You can read more about text classification from the following list of useful papers:

Deploying the model into production

Many of recent papers, articles, blog posts on machine learning focus only on improving the accuracy of a model. It’s worth emphasizing that modeling is only one of many steps in a data science project, and there are other steps that are equally important for the project to be successful.

A model which does not work on production is worth nothing.

From the first day you embark on a data science project, you should think about how you will expose your model – the sooner, the better. There are many reasons why a project can fail during deployment into a production environment.

We found three top reasons why this might happen:

  • Using the wrong technologies
  • Forgetting about software engineering practices
  • The lack of monitoring and support

Using the wrong technologies

To be sure that the incorrect use of technology will not block your deployment, you need to choose your platforms and tools wisely. It’s worth using technology which can be easily moved between environments and modes (i.e the code remains the same during training, prediction and serving)

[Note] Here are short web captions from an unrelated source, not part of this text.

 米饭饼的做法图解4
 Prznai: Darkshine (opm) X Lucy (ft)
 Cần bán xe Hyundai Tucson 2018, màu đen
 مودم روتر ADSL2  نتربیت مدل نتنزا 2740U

We have decided to build our models in TensorFlow and deploy them in Google Cloud Machine Learning. TensorFlow allows you to specify the architecture in a high-level Python API and have those models run on distributed computing systems, including GPUs. Google Cloud Machine Learning provides managed services that enable you to easily expose your ML model as a REST API.

TensorFlow logo

Forgetting about software engineering practices

When you focus on building the best machine learning model, it’s very easy to forget that you write normal code. There is no magic to this: software engineering best practices will help make your code easier to maintain. For a software engineer’s perspective on data science, please have a look at this presentation.

Monitoring and support

At Ocado, we believe that teams work better when they are self-sufficient (as they don’t need to wait for other teams). Thanks to technologies like TensorFlow and Google Cloud Machine Learning, data scientists can also write and support production code. We feel we have ownership of the whole solution i.e data-product, machine learning model, dashboards, alerting policies etc.

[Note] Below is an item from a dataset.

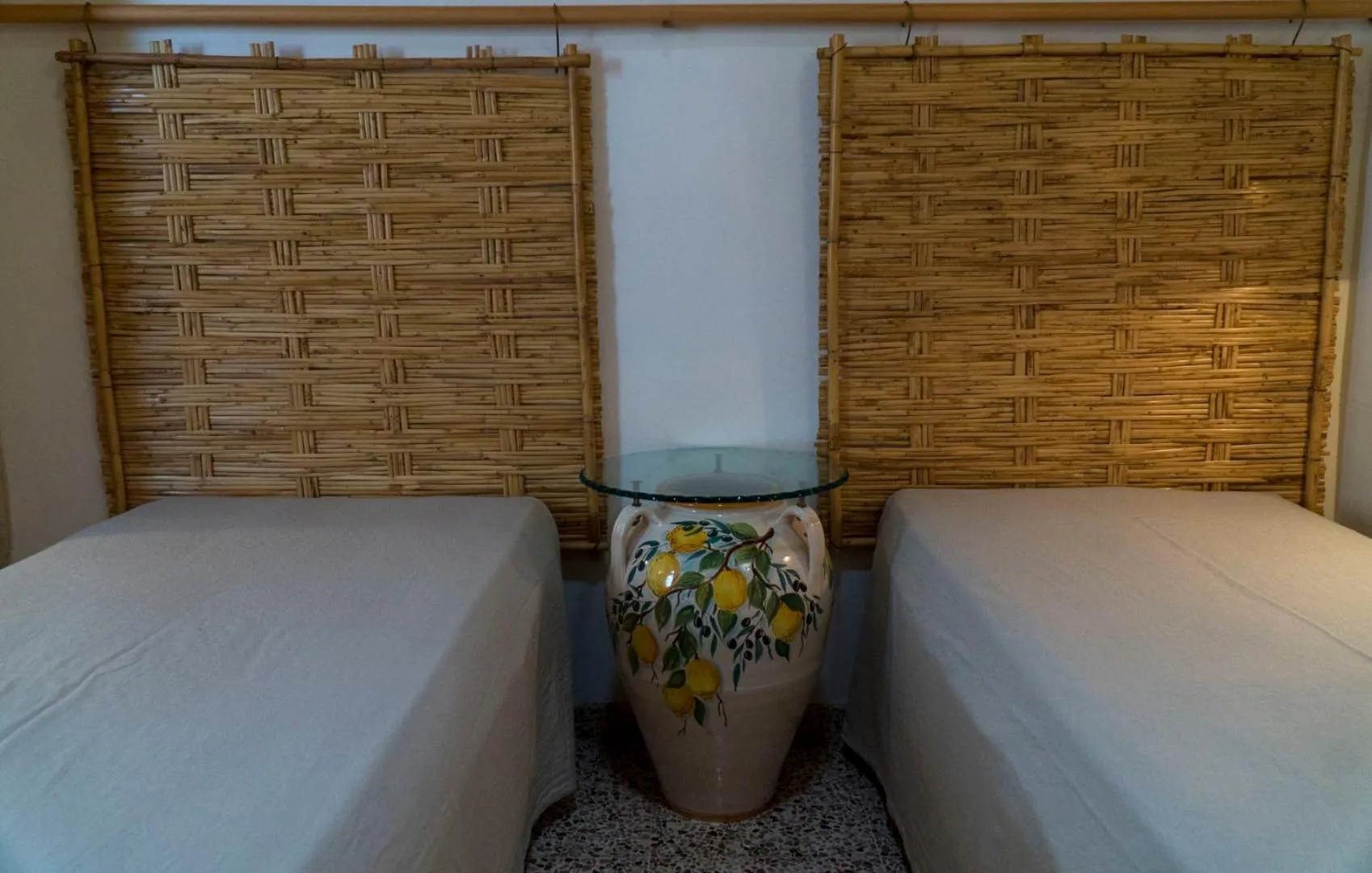 Photo of the whole room in B&B La vecchia Corte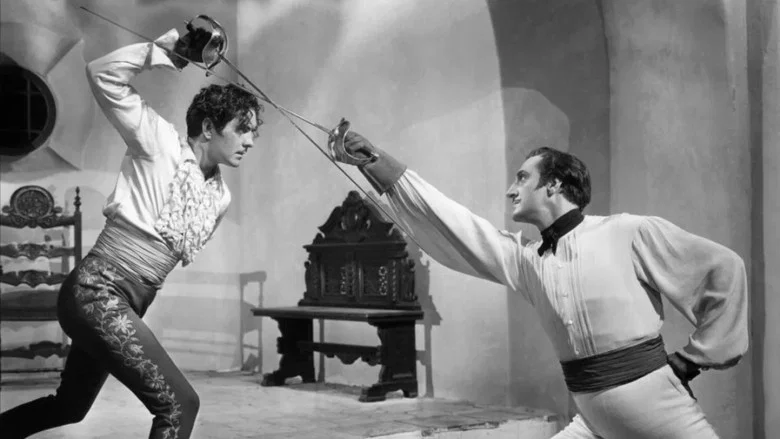 The Mark of Zorro screenshot 4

Dashboard screenshotA screenshot from the production dashboard built with Google Data Studio

Reaping the benefits

Thanks to this project, we were able to significantly boost the efficiency of the customer centre. For example, we found that 7% of all inbound messages did not require a reply; this meant that our customer service advisors could spend more time working on more high-priority tasks.

Because the machine learning model automatically categorises emails, we have access to information quicker than ever before and can react much faster to sudden spikes in customer issues.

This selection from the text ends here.